◆ Data under study
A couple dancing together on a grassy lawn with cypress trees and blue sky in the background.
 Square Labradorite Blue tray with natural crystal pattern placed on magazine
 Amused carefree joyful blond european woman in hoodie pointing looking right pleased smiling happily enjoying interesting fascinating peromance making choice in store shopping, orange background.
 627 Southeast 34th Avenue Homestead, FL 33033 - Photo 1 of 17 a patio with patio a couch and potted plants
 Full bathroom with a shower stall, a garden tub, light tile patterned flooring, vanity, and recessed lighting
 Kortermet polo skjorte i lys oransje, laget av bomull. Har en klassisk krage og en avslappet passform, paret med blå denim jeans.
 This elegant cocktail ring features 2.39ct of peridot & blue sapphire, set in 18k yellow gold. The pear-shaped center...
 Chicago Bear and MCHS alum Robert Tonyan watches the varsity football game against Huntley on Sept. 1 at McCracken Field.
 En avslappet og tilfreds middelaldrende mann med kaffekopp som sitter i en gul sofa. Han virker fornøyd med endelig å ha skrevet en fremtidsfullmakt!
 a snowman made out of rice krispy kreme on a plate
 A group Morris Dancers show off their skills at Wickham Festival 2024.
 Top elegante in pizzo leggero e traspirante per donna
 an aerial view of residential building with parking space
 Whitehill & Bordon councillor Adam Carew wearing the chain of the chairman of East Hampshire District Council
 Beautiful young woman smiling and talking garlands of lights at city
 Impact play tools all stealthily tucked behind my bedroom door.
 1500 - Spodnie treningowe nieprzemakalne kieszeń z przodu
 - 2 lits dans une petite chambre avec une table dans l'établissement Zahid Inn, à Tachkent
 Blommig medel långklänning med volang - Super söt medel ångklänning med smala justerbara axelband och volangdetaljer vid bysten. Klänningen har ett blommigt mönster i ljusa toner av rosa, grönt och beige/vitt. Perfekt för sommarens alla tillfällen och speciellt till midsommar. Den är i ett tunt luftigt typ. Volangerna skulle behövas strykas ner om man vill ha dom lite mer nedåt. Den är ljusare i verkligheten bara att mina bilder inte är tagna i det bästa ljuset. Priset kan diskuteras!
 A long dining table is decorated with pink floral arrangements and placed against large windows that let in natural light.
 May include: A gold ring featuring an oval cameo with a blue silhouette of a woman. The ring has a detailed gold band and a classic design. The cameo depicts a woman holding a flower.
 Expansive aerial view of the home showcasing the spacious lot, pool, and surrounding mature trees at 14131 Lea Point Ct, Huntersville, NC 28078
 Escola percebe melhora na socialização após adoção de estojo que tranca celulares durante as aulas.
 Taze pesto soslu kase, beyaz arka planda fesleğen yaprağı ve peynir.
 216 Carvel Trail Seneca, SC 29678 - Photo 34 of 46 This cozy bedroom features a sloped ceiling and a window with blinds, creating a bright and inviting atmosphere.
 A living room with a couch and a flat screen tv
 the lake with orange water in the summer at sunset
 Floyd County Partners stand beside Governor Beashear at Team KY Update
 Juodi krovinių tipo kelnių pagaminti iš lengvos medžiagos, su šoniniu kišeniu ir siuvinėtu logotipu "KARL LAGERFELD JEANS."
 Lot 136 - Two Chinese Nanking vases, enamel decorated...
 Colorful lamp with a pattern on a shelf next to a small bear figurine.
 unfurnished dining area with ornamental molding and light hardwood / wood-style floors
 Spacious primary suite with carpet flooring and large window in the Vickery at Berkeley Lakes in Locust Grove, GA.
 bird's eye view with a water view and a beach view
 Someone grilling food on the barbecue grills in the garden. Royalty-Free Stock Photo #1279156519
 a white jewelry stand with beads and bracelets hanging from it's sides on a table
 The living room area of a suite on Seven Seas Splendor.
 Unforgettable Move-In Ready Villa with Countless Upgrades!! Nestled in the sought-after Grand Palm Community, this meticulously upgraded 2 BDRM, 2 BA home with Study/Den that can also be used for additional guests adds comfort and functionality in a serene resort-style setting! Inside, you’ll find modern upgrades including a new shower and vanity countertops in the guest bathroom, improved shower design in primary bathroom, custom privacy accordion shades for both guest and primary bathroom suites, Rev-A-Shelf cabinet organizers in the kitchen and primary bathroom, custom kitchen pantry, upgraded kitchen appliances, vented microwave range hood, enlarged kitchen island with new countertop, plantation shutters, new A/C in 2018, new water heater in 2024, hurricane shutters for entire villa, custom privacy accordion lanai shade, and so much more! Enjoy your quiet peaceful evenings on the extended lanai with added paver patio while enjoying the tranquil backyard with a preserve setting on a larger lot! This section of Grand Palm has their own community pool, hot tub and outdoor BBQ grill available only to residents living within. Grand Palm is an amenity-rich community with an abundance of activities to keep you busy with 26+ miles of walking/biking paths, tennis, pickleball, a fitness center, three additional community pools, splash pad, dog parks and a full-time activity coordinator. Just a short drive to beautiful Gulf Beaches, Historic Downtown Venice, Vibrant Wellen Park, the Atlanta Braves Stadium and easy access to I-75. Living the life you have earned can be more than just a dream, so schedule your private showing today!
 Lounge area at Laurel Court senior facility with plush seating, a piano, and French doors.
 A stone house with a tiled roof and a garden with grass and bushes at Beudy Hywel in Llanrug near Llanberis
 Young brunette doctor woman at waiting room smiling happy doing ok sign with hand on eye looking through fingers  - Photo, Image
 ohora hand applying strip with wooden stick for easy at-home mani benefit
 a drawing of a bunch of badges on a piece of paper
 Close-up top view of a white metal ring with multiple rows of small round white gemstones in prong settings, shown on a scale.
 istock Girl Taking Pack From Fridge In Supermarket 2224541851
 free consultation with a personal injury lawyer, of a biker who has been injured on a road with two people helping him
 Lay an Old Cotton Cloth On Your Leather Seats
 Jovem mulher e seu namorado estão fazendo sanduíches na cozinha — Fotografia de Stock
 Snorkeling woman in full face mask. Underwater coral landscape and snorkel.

◆ To do
Up to and including the line with "- 2 lits dans", repeat the entries exactly, beginning at their first line.

◆ Response
A couple dancing together on a grassy lawn with cypress trees and blue sky in the background.
 Square Labradorite Blue tray with natural crystal pattern placed on magazine
 Amused carefree joyful blond european woman in hoodie pointing looking right pleased smiling happily enjoying interesting fascinating peromance making choice in store shopping, orange background.
 627 Southeast 34th Avenue Homestead, FL 33033 - Photo 1 of 17 a patio with patio a couch and potted plants
 Full bathroom with a shower stall, a garden tub, light tile patterned flooring, vanity, and recessed lighting
 Kortermet polo skjorte i lys oransje, laget av bomull. Har en klassisk krage og en avslappet passform, paret med blå denim jeans.
 This elegant cocktail ring features 2.39ct of peridot & blue sapphire, set in 18k yellow gold. The pear-shaped center...
 Chicago Bear and MCHS alum Robert Tonyan watches the varsity football game against Huntley on Sept. 1 at McCracken Field.
 En avslappet og tilfreds middelaldrende mann med kaffekopp som sitter i en gul sofa. Han virker fornøyd med endelig å ha skrevet en fremtidsfullmakt!
 a snowman made out of rice krispy kreme on a plate
 A group Morris Dancers show off their skills at Wickham Festival 2024.
 Top elegante in pizzo leggero e traspirante per donna
 an aerial view of residential building with parking space
 Whitehill & Bordon councillor Adam Carew wearing the chain of the chairman of East Hampshire District Council
 Beautiful young woman smiling and talking garlands of lights at city
 Impact play tools all stealthily tucked behind my bedroom door.
 1500 - Spodnie treningowe nieprzemakalne kieszeń z przodu
 - 2 lits dans une petite chambre avec une table dans l'établissement Zahid Inn, à Tachkent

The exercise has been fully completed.